According to Wikipedia, Markov Chain Monte Carlo (MCMC) is “an algorithm for sampling from a probability distribution based on constructing a Markov chain that has the desired distribution as its equilibrium distribution.”

Although it may seem complicated, for now, let’s just understand that MCMC is one of the sampling methods. As always, when looking at the definition alone, it is almost impossible to understand, so we will take a closer look at each part.

In this post, we will focus on understanding the meaning of MCMC rather than conveying complex mathematical concepts.

Monte Carlo

Monte Carlo is, in short, a “simulation” performed to obtain statistical values.
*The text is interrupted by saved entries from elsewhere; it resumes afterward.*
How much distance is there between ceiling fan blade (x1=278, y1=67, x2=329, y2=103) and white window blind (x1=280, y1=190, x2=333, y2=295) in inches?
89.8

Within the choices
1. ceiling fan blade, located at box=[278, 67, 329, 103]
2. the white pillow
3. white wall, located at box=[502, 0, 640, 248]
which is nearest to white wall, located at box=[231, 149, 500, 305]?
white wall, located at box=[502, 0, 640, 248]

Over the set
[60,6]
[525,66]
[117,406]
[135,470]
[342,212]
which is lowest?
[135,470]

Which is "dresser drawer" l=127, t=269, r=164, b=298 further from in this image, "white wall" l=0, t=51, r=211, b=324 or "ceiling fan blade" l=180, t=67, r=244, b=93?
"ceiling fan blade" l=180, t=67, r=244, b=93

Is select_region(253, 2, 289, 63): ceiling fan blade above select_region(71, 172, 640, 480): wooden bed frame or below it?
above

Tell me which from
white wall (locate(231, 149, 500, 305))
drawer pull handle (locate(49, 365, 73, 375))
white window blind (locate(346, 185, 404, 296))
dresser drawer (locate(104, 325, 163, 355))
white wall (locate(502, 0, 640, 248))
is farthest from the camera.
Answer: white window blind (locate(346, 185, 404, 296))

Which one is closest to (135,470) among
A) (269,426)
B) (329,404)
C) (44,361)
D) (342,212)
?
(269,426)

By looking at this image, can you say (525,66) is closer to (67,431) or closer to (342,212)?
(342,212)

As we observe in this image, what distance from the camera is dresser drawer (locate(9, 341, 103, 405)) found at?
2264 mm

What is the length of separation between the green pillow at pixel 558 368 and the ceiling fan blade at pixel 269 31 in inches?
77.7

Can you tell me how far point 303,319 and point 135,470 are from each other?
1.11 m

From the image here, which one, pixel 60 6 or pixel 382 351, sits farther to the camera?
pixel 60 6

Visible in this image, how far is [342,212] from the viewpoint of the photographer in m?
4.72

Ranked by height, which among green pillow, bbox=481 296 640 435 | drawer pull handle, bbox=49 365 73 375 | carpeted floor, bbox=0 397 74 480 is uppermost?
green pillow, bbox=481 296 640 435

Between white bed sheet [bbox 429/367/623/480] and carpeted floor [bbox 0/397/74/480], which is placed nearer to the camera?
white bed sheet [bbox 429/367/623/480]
The reason for performing such simulations is that, due to the nature of statistics, an infinite number of attempts must be made to know the true answer, but it is practically difficult to do so. Therefore, it makes sense to estimate the answer with a finite number of attempts.

One of the most famous Monte Carlo simulations is the calculation of the area of a circle.
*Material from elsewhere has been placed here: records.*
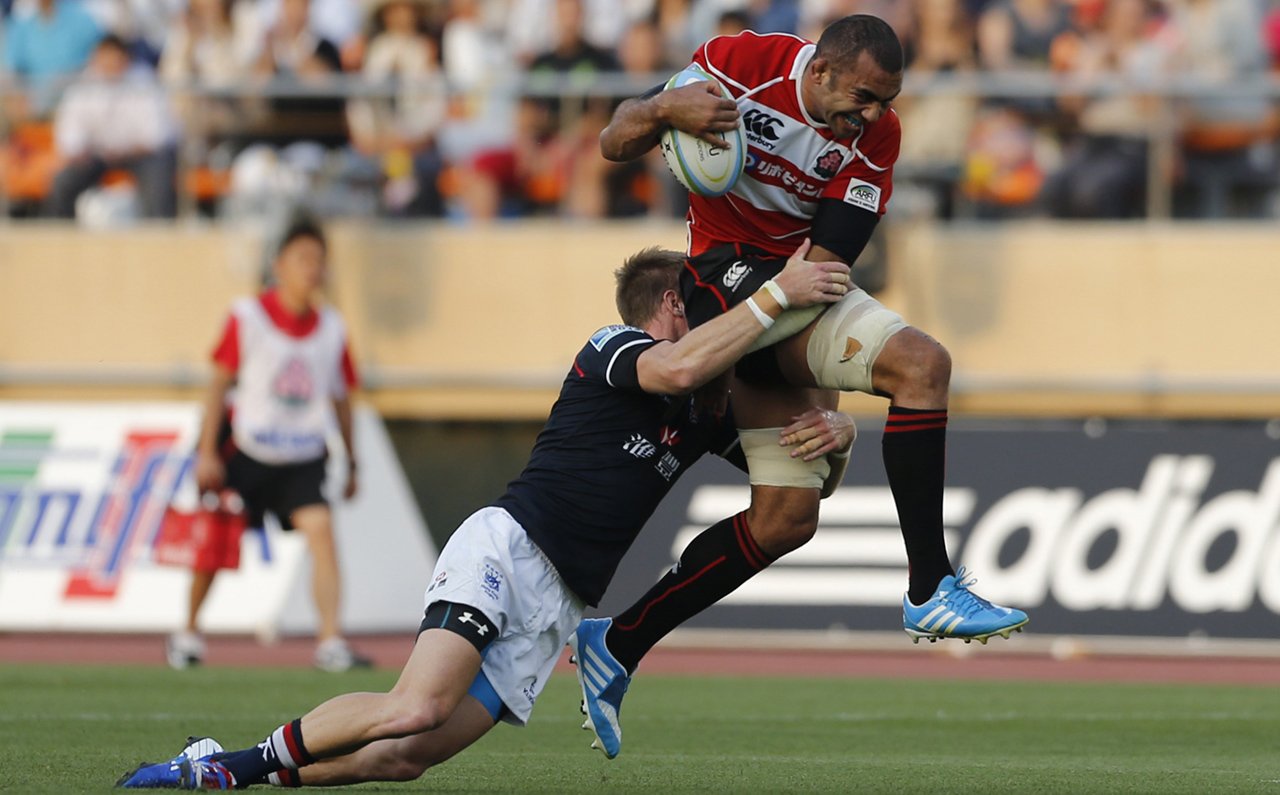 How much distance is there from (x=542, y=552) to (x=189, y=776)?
3.87 feet

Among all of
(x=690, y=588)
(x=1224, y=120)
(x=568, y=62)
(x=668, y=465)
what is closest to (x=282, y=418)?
(x=568, y=62)

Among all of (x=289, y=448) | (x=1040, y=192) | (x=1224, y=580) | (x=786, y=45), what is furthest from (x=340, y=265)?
(x=786, y=45)

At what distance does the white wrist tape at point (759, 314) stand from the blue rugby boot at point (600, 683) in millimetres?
1251

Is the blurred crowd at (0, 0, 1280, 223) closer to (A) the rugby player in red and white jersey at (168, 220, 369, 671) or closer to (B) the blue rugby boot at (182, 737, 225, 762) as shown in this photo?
(A) the rugby player in red and white jersey at (168, 220, 369, 671)

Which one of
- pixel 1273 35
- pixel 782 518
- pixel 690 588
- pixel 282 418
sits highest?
pixel 1273 35

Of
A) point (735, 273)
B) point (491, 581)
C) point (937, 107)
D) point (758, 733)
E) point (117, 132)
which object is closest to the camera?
point (491, 581)

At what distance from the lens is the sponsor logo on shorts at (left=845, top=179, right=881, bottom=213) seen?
6.54 m

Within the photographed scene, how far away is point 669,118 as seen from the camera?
637 cm

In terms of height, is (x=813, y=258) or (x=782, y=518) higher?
(x=813, y=258)

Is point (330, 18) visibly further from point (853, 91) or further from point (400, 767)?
point (400, 767)

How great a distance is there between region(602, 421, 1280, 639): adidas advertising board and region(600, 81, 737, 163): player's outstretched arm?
22.0ft

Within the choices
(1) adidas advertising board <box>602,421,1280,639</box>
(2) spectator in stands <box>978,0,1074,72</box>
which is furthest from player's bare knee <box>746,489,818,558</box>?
(2) spectator in stands <box>978,0,1074,72</box>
As shown in the figure below, when an infinite number of points are plotted within a square with a length and width of 2, if the distance from the center is less than or equal to 1, it is colored in red, and if not, it is colored in blue.

By calculating the ratio of the total number of points plotted to the number of points colored in red and multiplying it by the area of the original square, which is 4, you can estimate the area of a circle with a radius of 1.
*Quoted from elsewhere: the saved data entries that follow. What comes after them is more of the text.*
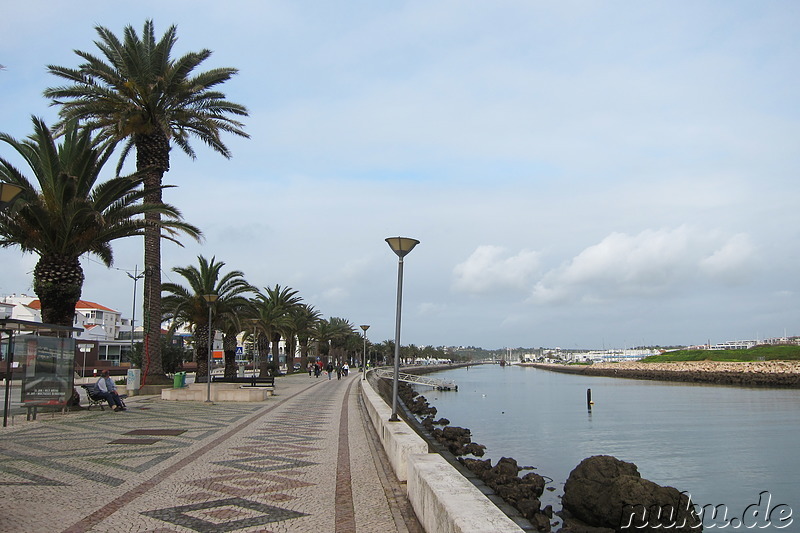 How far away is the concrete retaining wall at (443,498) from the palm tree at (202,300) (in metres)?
24.3

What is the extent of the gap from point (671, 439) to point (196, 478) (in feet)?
77.1

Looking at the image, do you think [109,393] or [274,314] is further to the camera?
[274,314]

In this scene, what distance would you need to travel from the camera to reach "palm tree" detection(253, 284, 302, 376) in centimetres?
4331

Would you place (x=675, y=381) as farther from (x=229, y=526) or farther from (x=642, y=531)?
(x=229, y=526)

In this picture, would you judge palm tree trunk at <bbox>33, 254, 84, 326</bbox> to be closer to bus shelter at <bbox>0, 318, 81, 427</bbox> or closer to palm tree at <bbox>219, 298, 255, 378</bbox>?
bus shelter at <bbox>0, 318, 81, 427</bbox>

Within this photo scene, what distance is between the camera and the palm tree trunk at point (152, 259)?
2238 cm

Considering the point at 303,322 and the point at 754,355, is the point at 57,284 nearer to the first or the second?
the point at 303,322

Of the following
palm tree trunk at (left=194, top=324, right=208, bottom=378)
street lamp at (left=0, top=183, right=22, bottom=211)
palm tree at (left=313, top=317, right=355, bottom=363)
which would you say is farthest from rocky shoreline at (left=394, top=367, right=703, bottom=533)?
palm tree at (left=313, top=317, right=355, bottom=363)

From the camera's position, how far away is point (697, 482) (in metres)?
17.1

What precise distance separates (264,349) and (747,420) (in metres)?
31.4

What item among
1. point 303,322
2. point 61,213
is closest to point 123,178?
point 61,213

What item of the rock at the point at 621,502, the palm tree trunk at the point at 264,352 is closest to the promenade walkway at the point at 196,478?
the rock at the point at 621,502

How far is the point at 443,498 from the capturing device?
15.2 feet

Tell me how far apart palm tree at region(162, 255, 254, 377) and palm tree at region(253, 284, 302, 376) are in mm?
8795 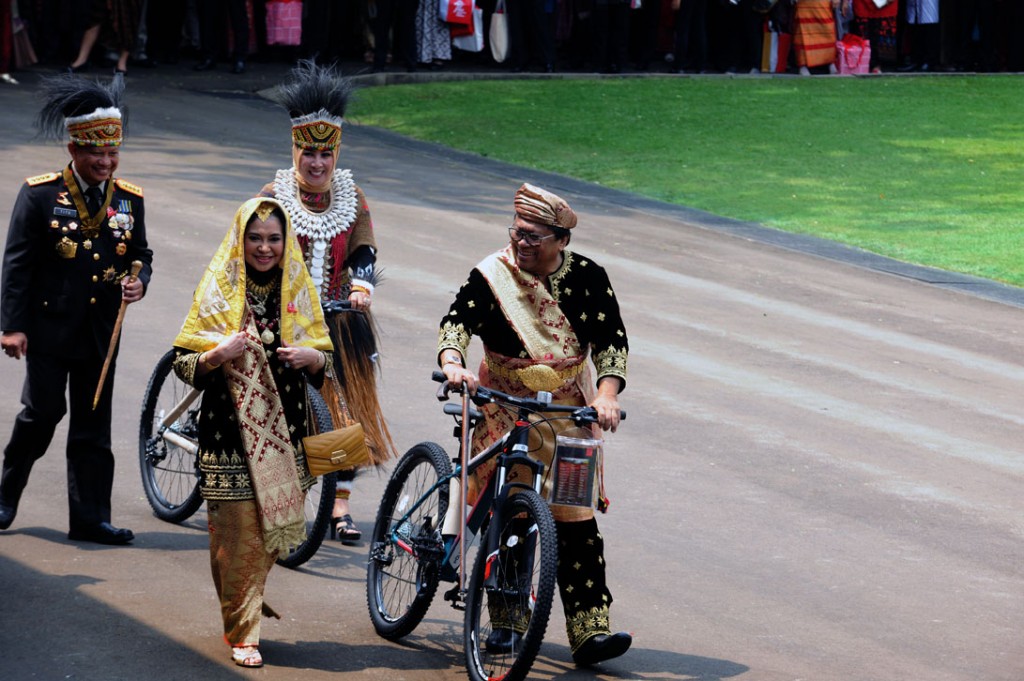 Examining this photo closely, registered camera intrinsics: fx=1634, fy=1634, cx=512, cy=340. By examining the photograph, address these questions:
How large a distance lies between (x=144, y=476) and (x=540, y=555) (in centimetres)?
318

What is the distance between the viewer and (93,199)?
7.54 metres

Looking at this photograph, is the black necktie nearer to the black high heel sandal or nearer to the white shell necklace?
the white shell necklace

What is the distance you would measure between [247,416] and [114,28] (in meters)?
17.8

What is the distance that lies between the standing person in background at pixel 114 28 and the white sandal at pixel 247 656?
56.6 ft

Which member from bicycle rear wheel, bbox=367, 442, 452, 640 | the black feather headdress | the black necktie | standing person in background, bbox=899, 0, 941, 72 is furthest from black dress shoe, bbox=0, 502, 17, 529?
standing person in background, bbox=899, 0, 941, 72

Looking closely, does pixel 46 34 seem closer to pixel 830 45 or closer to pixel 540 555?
pixel 830 45

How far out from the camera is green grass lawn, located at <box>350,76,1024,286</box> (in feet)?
59.2

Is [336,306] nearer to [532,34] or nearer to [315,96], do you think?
[315,96]

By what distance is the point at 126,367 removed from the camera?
10695 mm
Figure 1. Monte Carlo simulation for approximating the area of a circle with a radius of 1

In MCMC, the name “Monte Carlo” is used to mean “trying an infinite number of something using statistical properties.”

Markov Chain

A Markov Chain is a probability process that only depends on the previous state when transitioning from one state to another.

It may sound complicated, but let’s think of an analogy:

Typically, people tend to avoid having a meal similar to the one they had the day before.

For example, if someone had Jajangmyeon (Korean black bean sauce noodles) yesterday, they would try not to have any noodle dishes today.

If today’s meal selection process only depends on yesterday’s meal selection and not on the meal selection the day before yesterday, this process has the Markov property, and this probability process can be called a Markov Chain.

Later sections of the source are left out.